__Exercise brief__: For the listing below, the answer is an exact retyping of the lines from the one with "Home Security System" through the one with "自律錯(cuò)峰生產(chǎn)的通知", both included, without pictures.
*** Opening Provided records ***
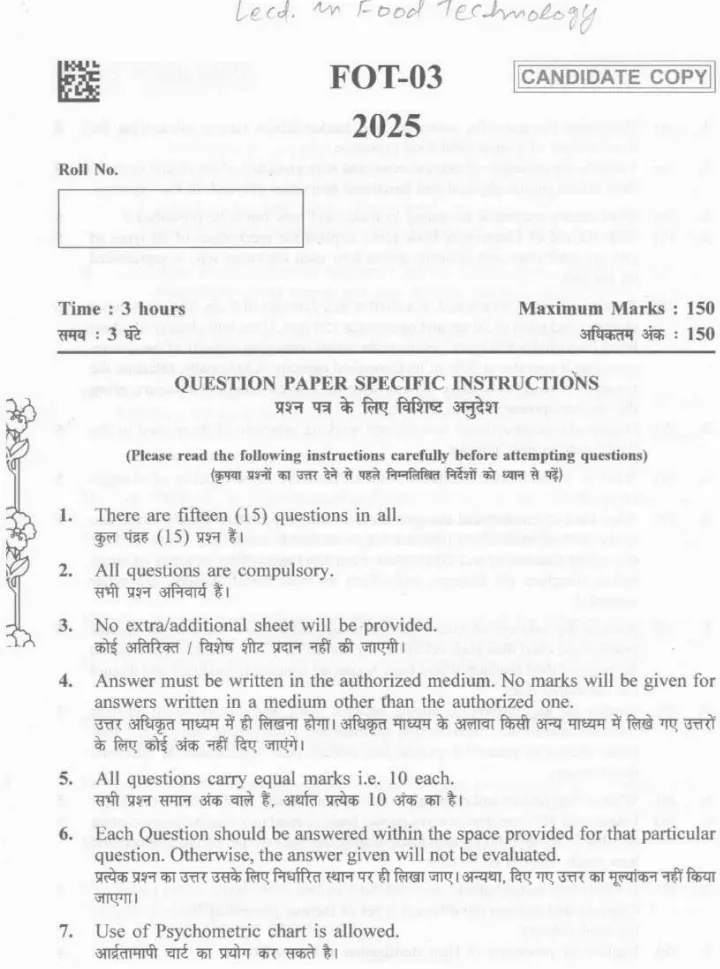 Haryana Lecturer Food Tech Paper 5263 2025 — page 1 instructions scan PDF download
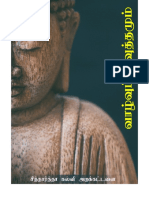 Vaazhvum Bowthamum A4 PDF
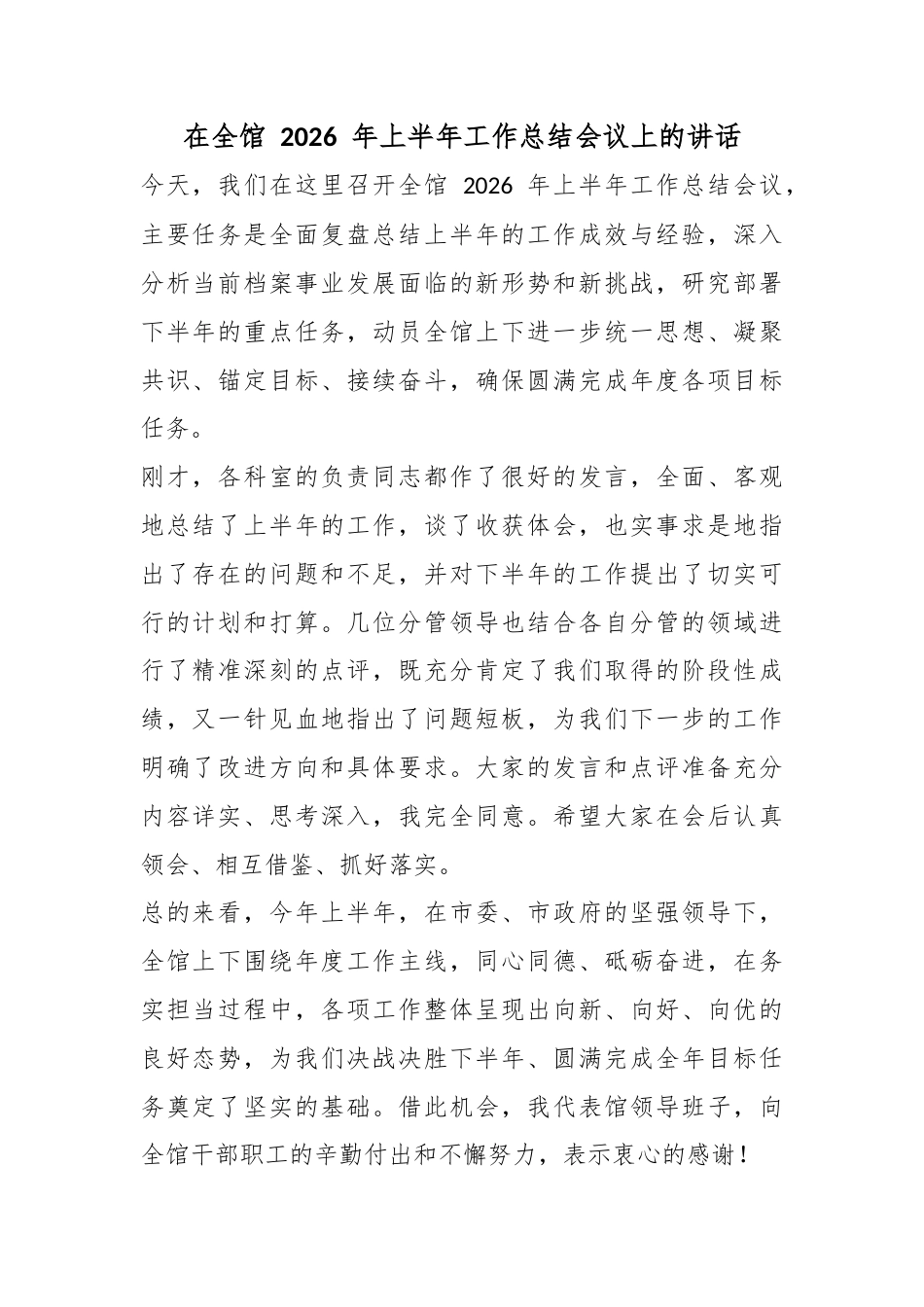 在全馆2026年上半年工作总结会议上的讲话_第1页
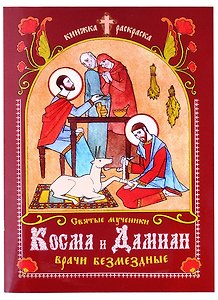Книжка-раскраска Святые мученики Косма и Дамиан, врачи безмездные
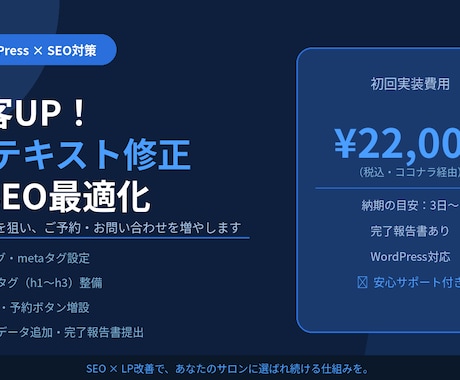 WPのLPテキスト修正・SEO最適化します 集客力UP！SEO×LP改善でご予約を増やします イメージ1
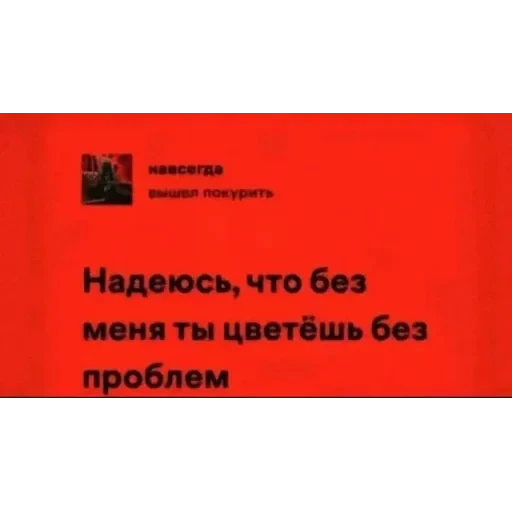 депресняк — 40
*** Closing Provided records ***
*** Opening Provided records ***
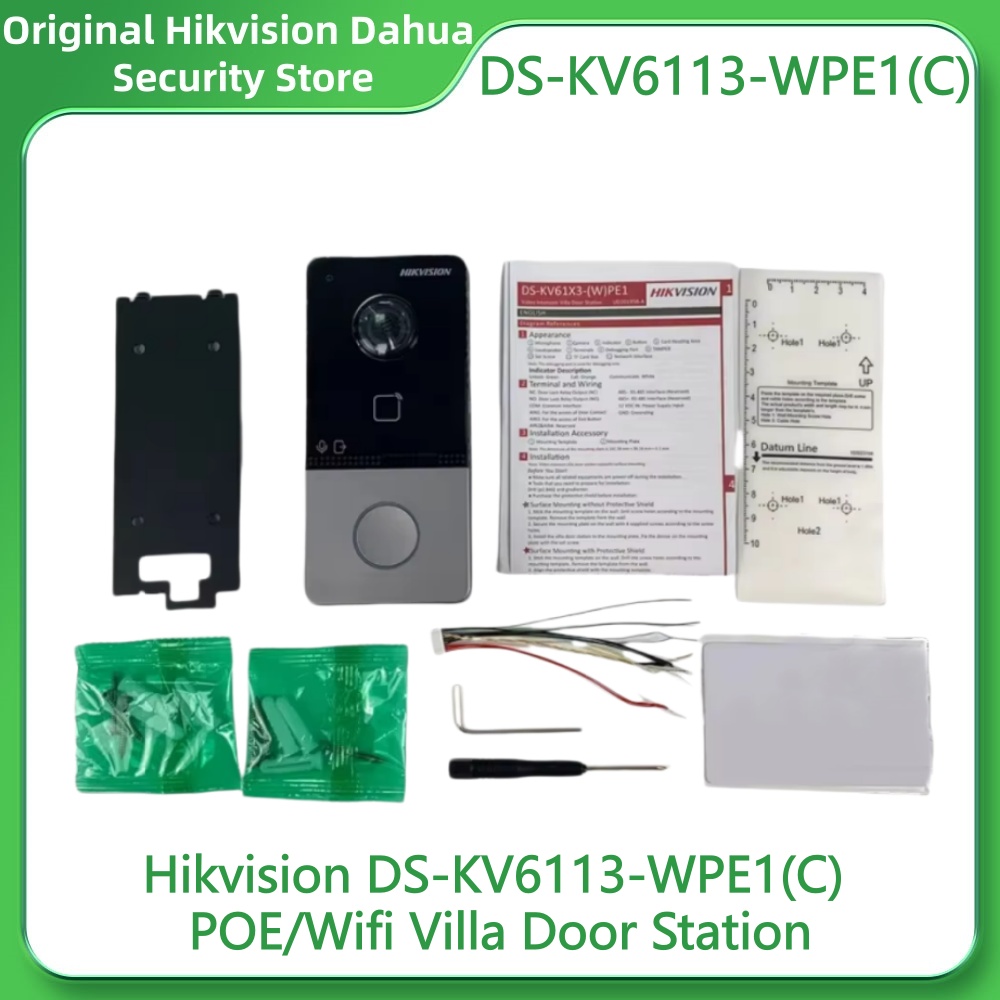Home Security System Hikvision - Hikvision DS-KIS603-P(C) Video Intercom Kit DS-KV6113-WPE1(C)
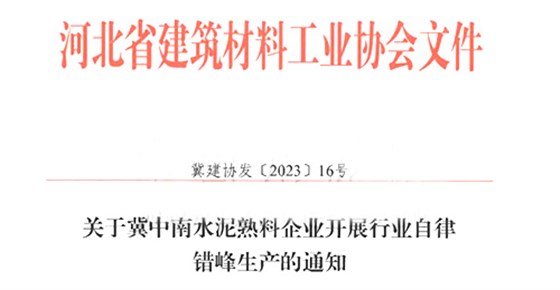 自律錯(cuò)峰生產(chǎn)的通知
*** Closing Provided records ***
*** Opening Provided records ***
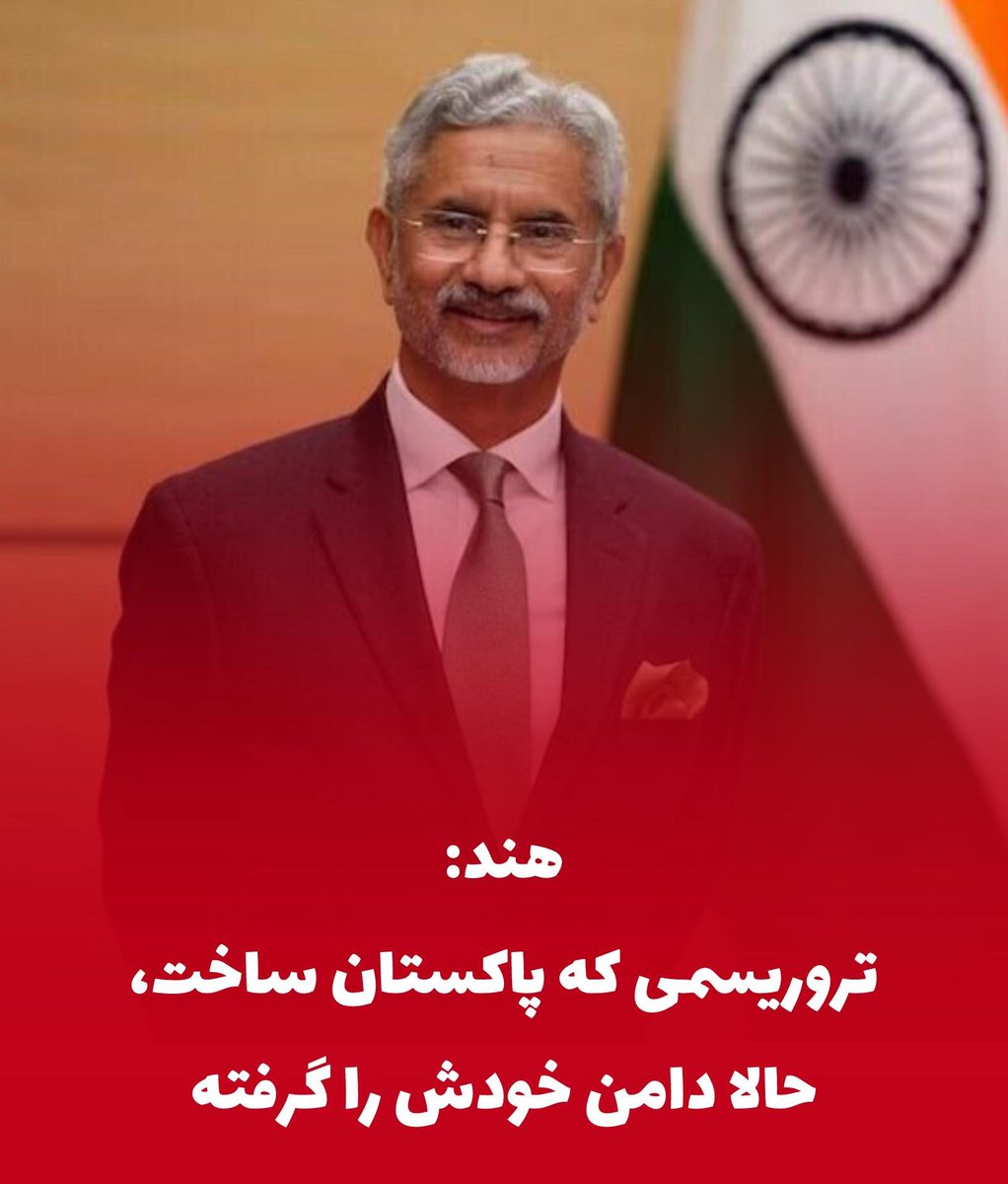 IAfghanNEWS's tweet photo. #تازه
*** Closing Provided records ***
__Problem solution__:
Home Security System Hikvision - Hikvision DS-KIS603-P(C) Video Intercom Kit DS-KV6113-WPE1(C)
 自律錯(cuò)峰生產(chǎn)的通知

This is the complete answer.